Der I. Senat des BFH hat in seinem Urteil vom 2.11.2022 entschieden, dass die zutreffende Bilanzierung der Verlustübernahmeforderung der Organgesellschaft gegenüber dem Organträger als Aktivposten und korrespondierender Passivposten in den jeweiligen Jahresabschlüssen unabdingbare Voraussetzung für die tatsächliche Durchführung des Gewinnabführungsvertrags gem. § 14 Abs. 1 Nr. 3 KStG ist.

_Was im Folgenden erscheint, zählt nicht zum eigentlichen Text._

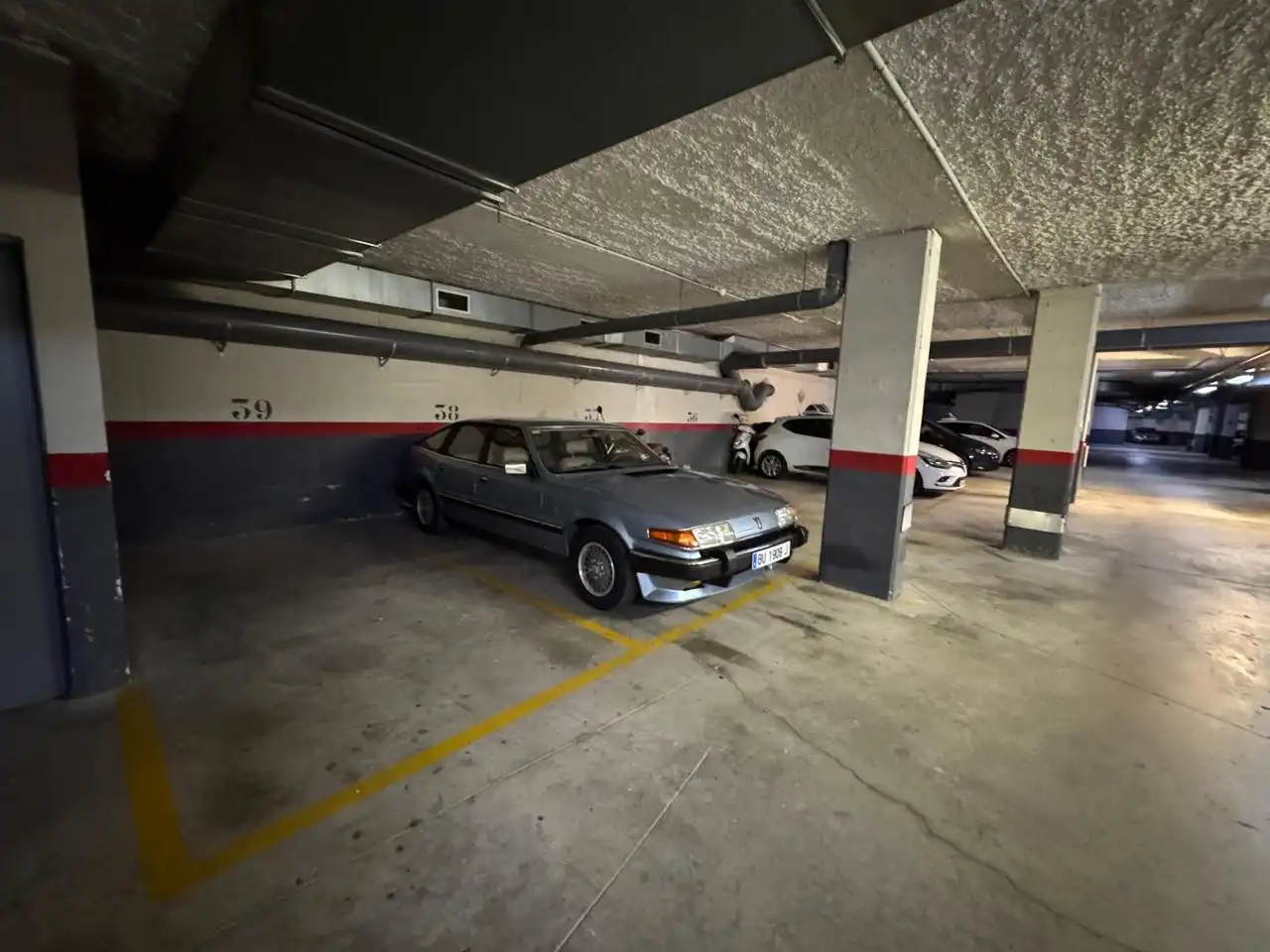 Parkplatz zum Verkauf in Carrer Amadeu Vives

Fragen aus erbschaft- und schenkungsteuerlichem Blickwinkel: Aus erbschaft- und schenkungsteuerlichem Blickwinkel führen diese vorgreiflichen Grundsätze zur bilanziellen Erfassung des Verlustausgleichsanspruchs der Organgesellschaft entsprechend § 302 Abs. 1 AktG konsequenterweise zu den Fragen,
- ob dieser Bilanzansatz dem Grunde nach auf eine Einlage von Finanzmittelvermögen i.S.d. § 13b Abs. 4 Nr. 5 S. 2 ErbStG zurückzuführen ist (s. im Folgenden unter 1.) und
- gegebenenfalls wann dieser Einlagetransfer in zeitlicher Hinsicht im Hinblick auf den 2-Jahreszeitraum für das Vorliegen junger Finanzmittel stattfindet (s. im Folgenden unter 2.) sowie
- welche Bedeutung der Verbundvermögensaufstellung nach § 13b Abs. 9 ErbStG diesbezüglich für die Beurteilung von Forderungen und Verbindlichkeiten zwischen verbundenen Unternehmen zukommt (s. im Folgenden unter 3.).